Comment by Exuma

3 months ago

Also just let me reference the damn alias in a group by, FUCK

At least in PostgreSQL, both by alias and ordinal are possible:

  localhost(from SCB-MUSE-BOXX).postgres.scb.5432 [Sun Nov 16 12:02:15 PST 2025]
  > create table test (a_key integer primary key, a_group integer, a_val numeric);
  CREATE TABLE
  Time: 3.102 ms

  localhost(from SCB-MUSE-BOXX).postgres.scb.5432 [Sun Nov 16 12:02:25 PST 2025]
  > insert into test (a_key, a_group, a_val) values (1, 1, 5.5), (2, 1, 2.6), (3, 2, 1.1), (4, 2, 6.5);
  INSERT 0 4
  Time: 2.302 ms

  localhost(from SCB-MUSE-BOXX).postgres.scb.5432 [Sun Nov 16 12:02:58 PST 2025]
  > select a_group AS my_group, sum(a_val) from test group by my_group;
   my_group | sum
  ----------+-----
          2 | 7.6
          1 | 8.1
  (2 rows)
  
  Time: 4.124 ms
  localhost(from SCB-MUSE-BOXX).postgres.scb.5432 [Sun Nov 16 12:03:15 PST 2025]
  > select a_group AS my_group, sum(a_val) from test group by 1;
   my_group | sum
  ----------+-----
          2 | 7.6
          1 | 8.1
  (2 rows)
  
  Time: 0.360 ms

Some do. It would also be nice to reference by ordinal number similar to order by. Very handy for quick and dirty queries. I can see the issue though that people start to lean on it too much.

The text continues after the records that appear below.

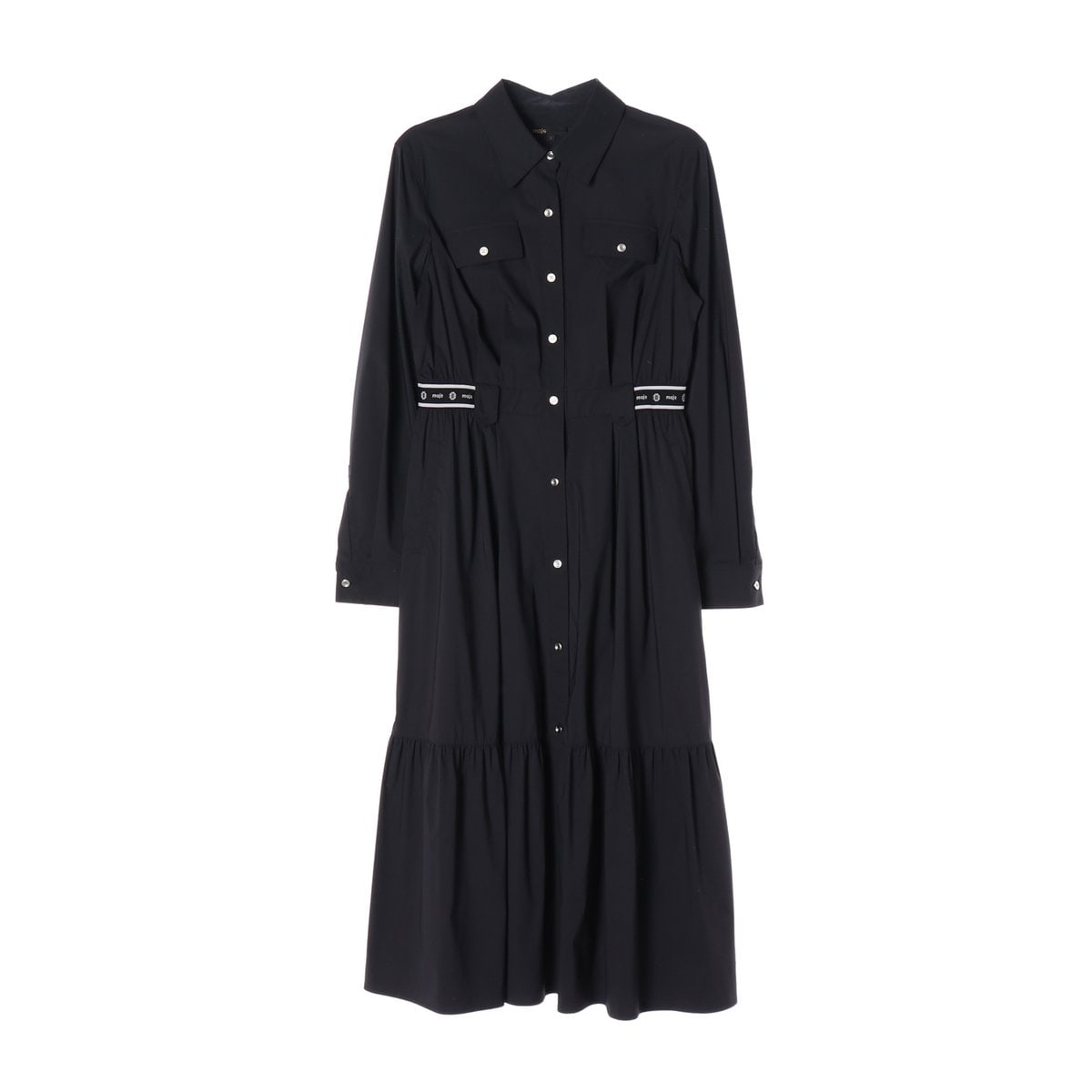 (새상품)MAJE 마쥬 22FW 블랙 로고 밴딩 캉캉 롱 셔츠원피스  이미지 1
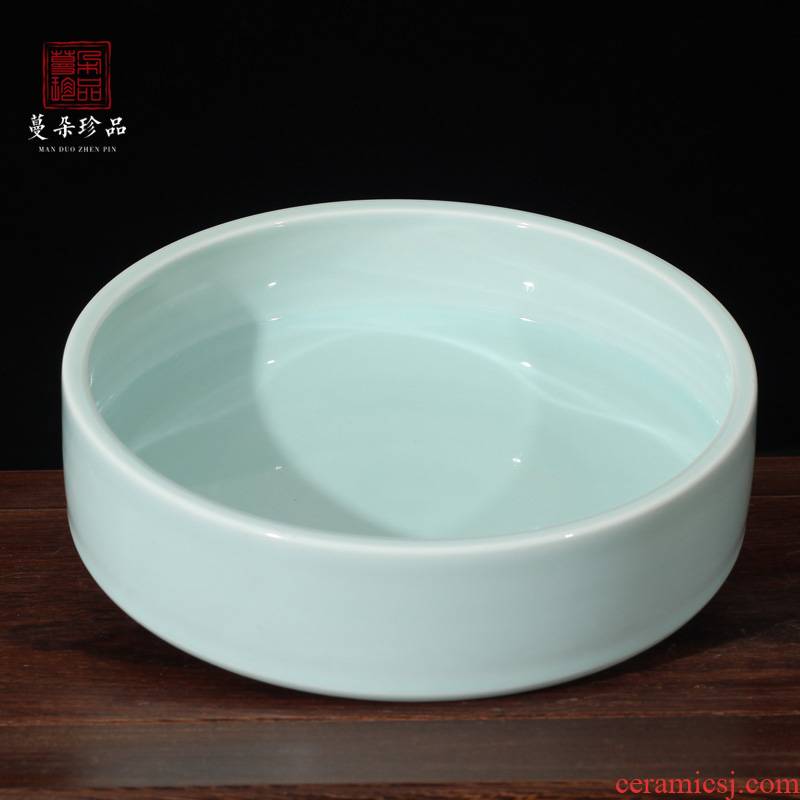 Jingdezhen shadow green celadon elegant tea tray saucer ceramic fruit bowl environmental protection, fashion health fruit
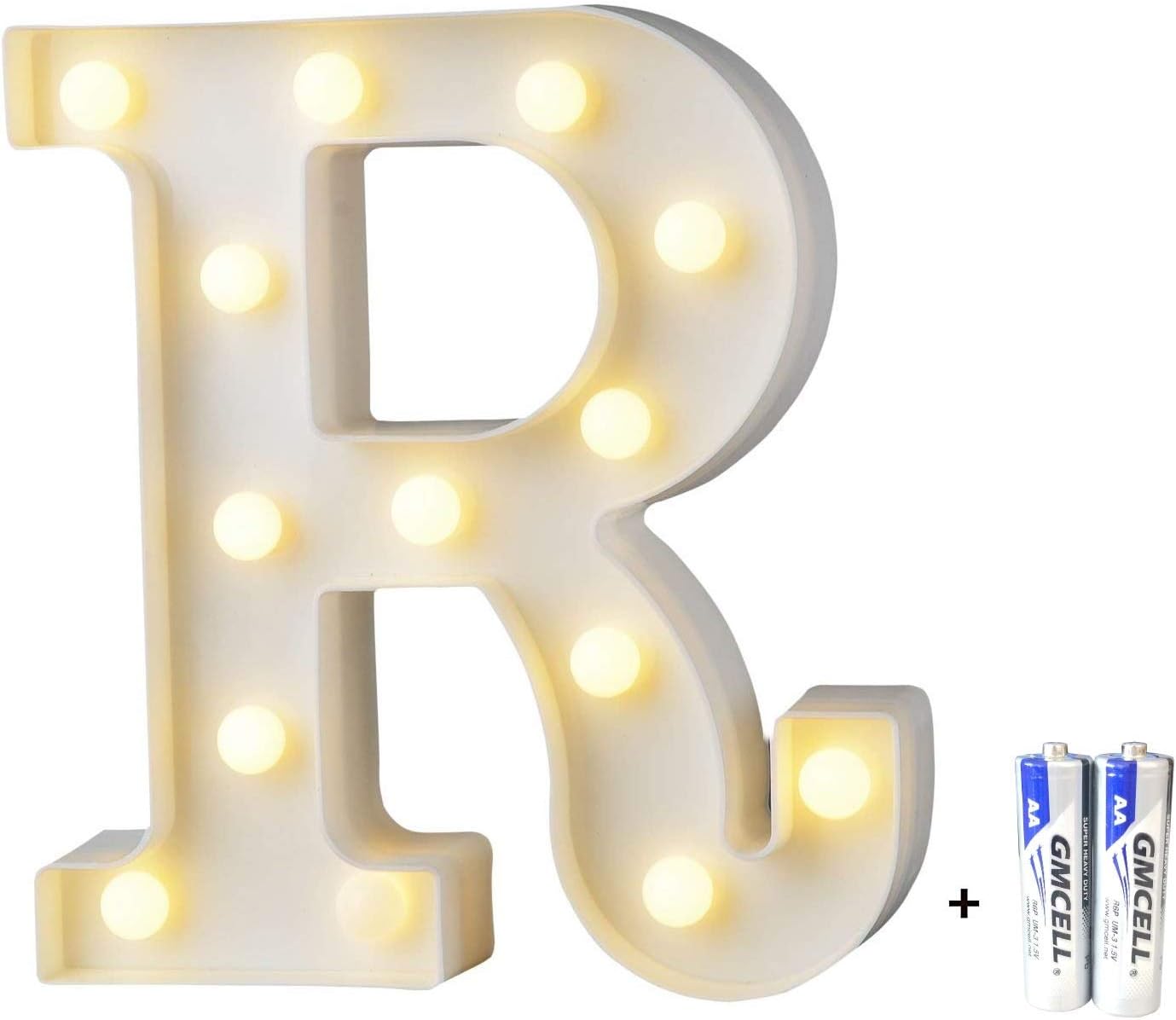 bemece LED Alphabet Letter Lights, Decorative Warm Plastic Light up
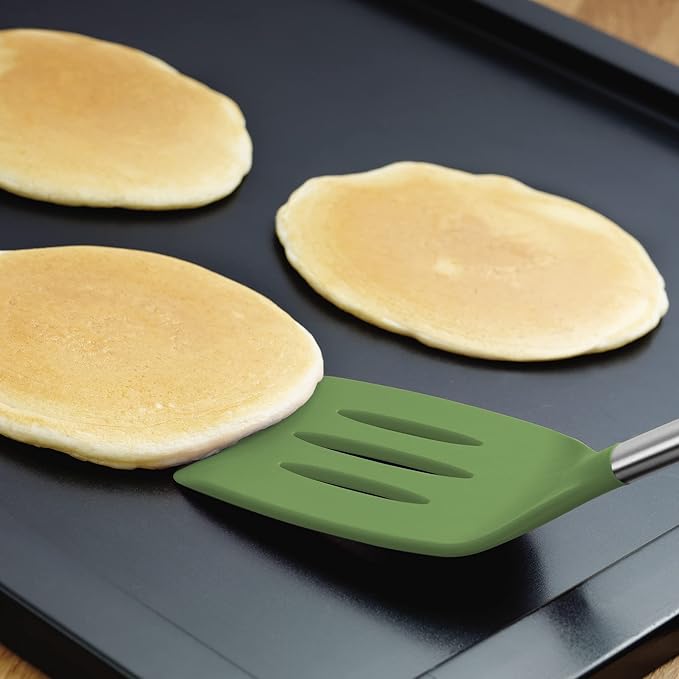 Tovolo Silicone Cooking Utensil Set of 6 Pesto Green Ladle Slotted Turner Tongs Flex Core Spatula Scraper Mixing Spoon and Potato Masher, Dishwasher Safe Non Toxic BPA Free Silicone Kitchen Utensils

The problem with this and similar requests is that it would change the identifier scoping in incompatible ways and therefore potentially break a lot of existing SQL code.

I think it should be not only in GROUP BY, but in every context, e.g., inside expressions in SELECT, WHERE, etc.

PostgreSQL and DuckDB support this, which makes MSSQL feel like a dinosaur in context.